Eastridge’s base annual salary will be $137,752.
Following board approval of Eastridge’s employment, the board entered a closed session to discuss a potential real estate sale, after which it entered a work session.
The board spent considerable time discussing the district’s cost mitigation strategy including recommendations that could be made at an April meeting.
This conversation comes on the heels of the district’s 2021-2022 audit that was approved at its March 20 regular meeting. Olson detailed that a $2.5 million surplus in the district’s general fund that year was achieved through over $3 million in federal funds, showcasing a $500,000 deficit in the budget structurally.
He added that over $2.3 million of the district’s revenue came from the bond issuance for roof repair at Bemidji High School, which the district will need to pay back over the next few years.

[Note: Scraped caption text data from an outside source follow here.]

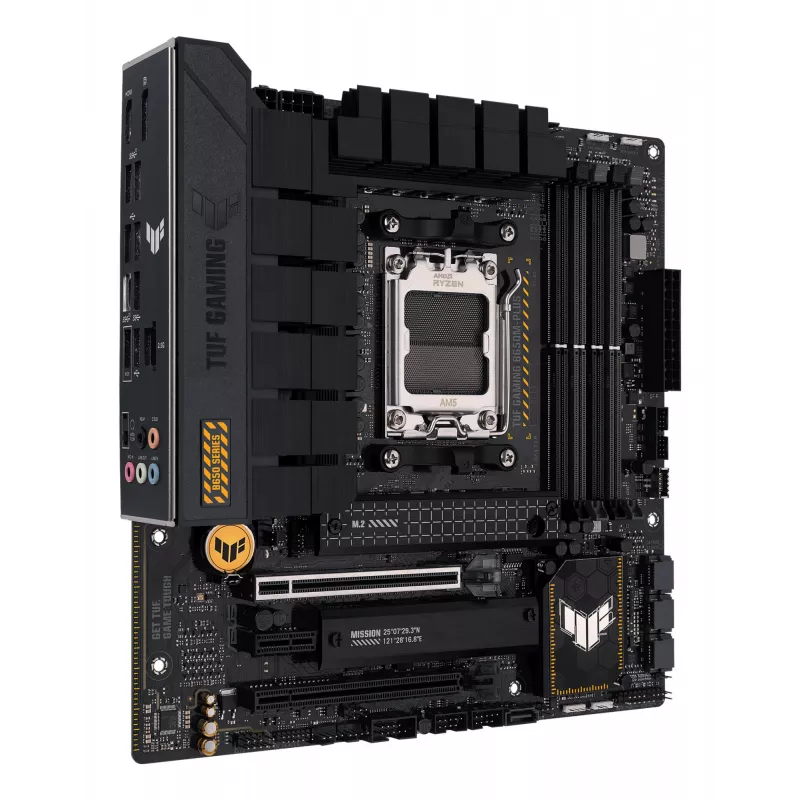 Motherboard ASUS TUF GAMING B650M-PLUS AMD B650 Socket AM5 micro ATX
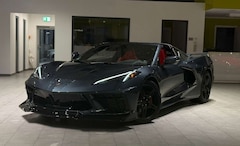 Bild des Angebotes Corvette C8 Coupe Stingray 2LT Schalensitze*SBL*Targadach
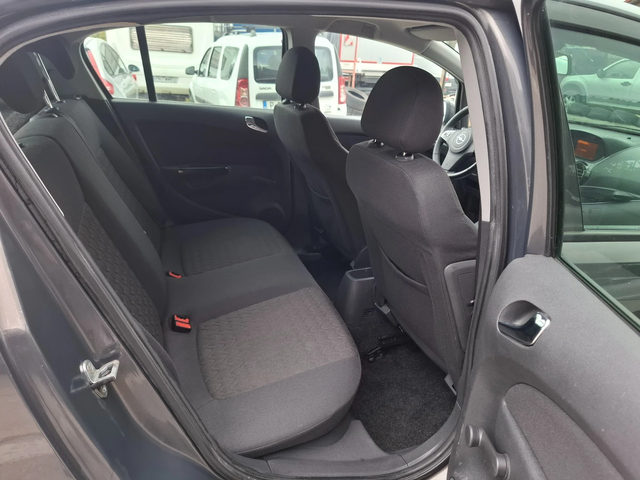 Opel Corsa 1.2Face Lift/Оригинална Газ - автомобили, коли, обяви за нови и употребявани 8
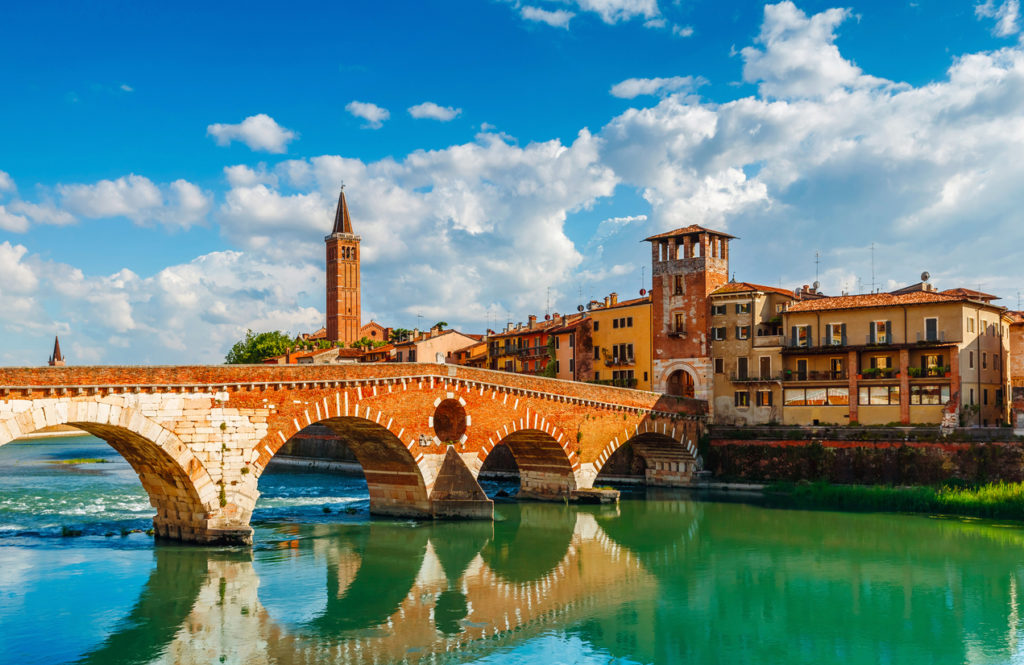 City break to Verona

Olson provided the board with potential cost mitigation measures including a reduction in positions, purely as a discussion item. He specifically cited low enrollment and projected class sizes for grades K-3 that could facilitate a reduction of three FTEs, or full-time equivalents, of teachers at the elementary level.
FTEs are a measure of an employee’s scheduled hours divided by the employer’s hours for a full-time workweek.
For example, a full-time employee working 40 hours a week would be a 1.0 FTE, while a part-time employee working 20 hours a week is a 0.5 FTE.
Olson noted that cutting three FTEs could save the district $332,500. He also emphasized that his recommendation would not be to reduce people but to reduce positions.
“In some cases, because we have some resignations now, we’re in a position where we can decide to not fill the (vacant) positions and, in essence, that reduces our expenses,” Olson said.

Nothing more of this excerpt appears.